Exactly the lines from the one containing "RENAULT KANGOO PROFESIONAL" through the end of the data, and nothing more, should be retyped; pictures stay out.

▶ [Data shown]
☆ ☆ ☆ ☆ ☆ ☆ ☆

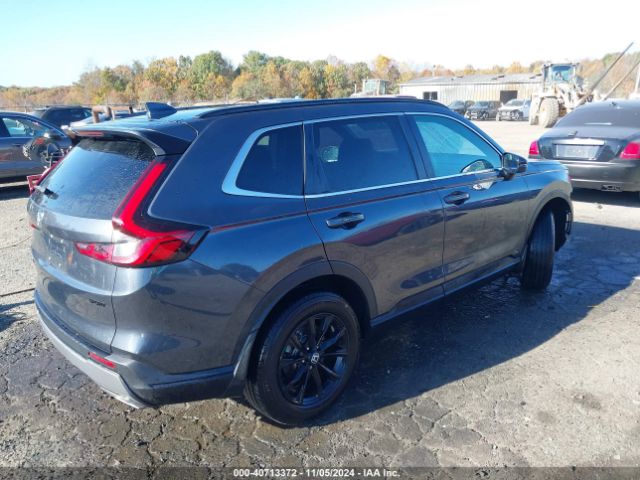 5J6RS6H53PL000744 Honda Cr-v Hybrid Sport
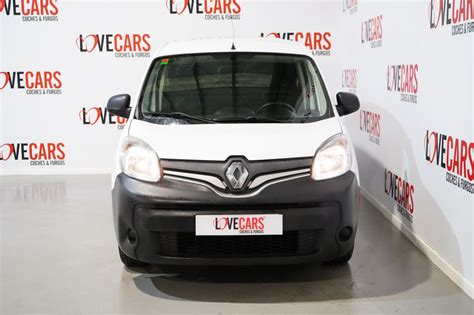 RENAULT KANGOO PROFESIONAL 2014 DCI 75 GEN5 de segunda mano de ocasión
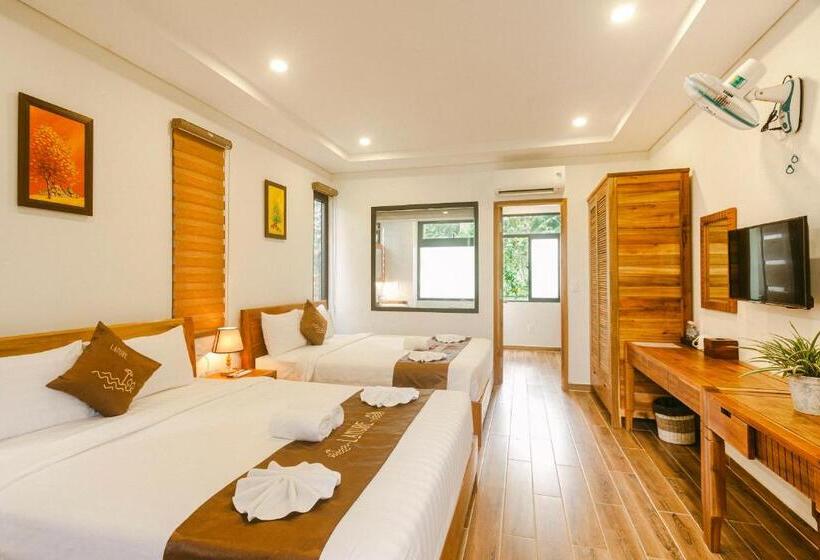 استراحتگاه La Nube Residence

☆ ☆ ☆ ☆ ☆ ☆ ☆

▶ [Reply]
 RENAULT KANGOO PROFESIONAL 2014 DCI 75 GEN5 de segunda mano de ocasión
 استراحتگاه La Nube Residence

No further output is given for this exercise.